# My First Trad Kill!



## Wjackson11x (Oct 29, 2019)

It's been something that I have been wanting to do for several years.  I started shooting a few years ago and finally got good enough to start taking the recurve to the woods with me some last year.  I was lucky enough to kill a good buck this season with my compound, so I figured it was time to start taking the recurve and get my first deer.  Last Thursday afternoon I sat in the same spot where I had been seeing a bunch of deer. 

At around 6:00, I had a lone doe come in and fed for a few minutes at 10 yds.  I was just waiting on that perfect shot opportunity.  I am only shooting a 45# Bear and arrows that I made out of some wooden dowels. Razor sharp 2 blade Zwickey.

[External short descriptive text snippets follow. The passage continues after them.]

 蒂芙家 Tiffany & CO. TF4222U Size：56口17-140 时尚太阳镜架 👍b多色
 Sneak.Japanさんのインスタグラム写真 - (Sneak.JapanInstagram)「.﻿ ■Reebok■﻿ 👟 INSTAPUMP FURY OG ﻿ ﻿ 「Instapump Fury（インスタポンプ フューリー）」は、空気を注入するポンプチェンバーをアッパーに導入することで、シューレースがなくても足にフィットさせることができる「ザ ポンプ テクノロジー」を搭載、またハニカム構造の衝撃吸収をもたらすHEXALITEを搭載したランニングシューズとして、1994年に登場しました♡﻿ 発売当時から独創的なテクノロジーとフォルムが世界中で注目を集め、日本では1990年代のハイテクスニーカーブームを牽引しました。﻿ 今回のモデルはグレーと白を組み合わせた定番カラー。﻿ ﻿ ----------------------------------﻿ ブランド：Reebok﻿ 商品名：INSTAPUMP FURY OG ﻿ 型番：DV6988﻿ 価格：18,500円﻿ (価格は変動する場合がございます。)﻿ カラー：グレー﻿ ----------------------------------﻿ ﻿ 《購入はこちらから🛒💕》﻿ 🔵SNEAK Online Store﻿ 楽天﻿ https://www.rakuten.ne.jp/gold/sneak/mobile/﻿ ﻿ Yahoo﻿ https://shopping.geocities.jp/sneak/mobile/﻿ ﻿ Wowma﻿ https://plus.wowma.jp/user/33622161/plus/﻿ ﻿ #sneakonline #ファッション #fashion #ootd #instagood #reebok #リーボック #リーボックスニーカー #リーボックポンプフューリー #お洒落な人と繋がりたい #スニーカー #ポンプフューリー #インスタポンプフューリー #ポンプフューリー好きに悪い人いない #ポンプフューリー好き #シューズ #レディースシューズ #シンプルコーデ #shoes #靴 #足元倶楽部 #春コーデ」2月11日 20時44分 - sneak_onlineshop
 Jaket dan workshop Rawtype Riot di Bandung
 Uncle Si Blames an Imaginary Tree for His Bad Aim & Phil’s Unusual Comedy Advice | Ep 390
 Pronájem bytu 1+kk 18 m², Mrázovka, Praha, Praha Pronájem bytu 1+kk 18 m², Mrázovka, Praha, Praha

The shot felt perfect and landed right where I was aiming.  Man, what a rush!

Thanks for looking


----------



## bobocat (Oct 29, 2019)

Good job!


----------



## devolve (Oct 29, 2019)

Awesome man!!!!! Congrats!


----------



## toolmkr20 (Oct 29, 2019)

Congrats


----------



## bear claw (Oct 29, 2019)

Congratulations


----------



## Esau (Oct 29, 2019)

Congrats! Great job.


----------



## longbowdave1 (Oct 29, 2019)

Nice job. Congrats.


----------



## bowhunterdavid (Oct 29, 2019)

Nothing like it Congrats to you.


----------



## Todd Cook (Oct 29, 2019)

Absolutely outstanding!! Really good pictures too. I can tell by the work you put into those arrows that the compound days are numbered.


----------



## Stump Shooter (Oct 29, 2019)

Nice shot, bet shooting that doe with the recurve and wood arrow you made was more exciting than any deer you have killed with your wheel bow, Congrats!


----------



## strothershwacker (Oct 29, 2019)

Congrats! Thats a great accomplishment. 1st trad deer & with a homemade wooden arrow! Impressive!


----------



## Hillbilly stalker (Oct 29, 2019)

Congratulations! Nice deer and hunt. It’s a whole new addiction now.


----------



## trad bow (Oct 29, 2019)

That’s a heck of an accomplishment. Vintage bow with homemade arrow doesn’t nothing else comes close to that achievement.
Well done


----------



## Southern Thunder (Oct 29, 2019)

Congrats. Be ready hunting with traditional equipment will give you the highest of highs and lowest of lows but wouldn't change it for anything in the world.


----------



## Pointpuller (Oct 29, 2019)

Awesome!!
Congrats on your first, hope there are many more to come.


----------



## Al33 (Oct 29, 2019)

Outstanding!!!


----------



## hambone76 (Oct 29, 2019)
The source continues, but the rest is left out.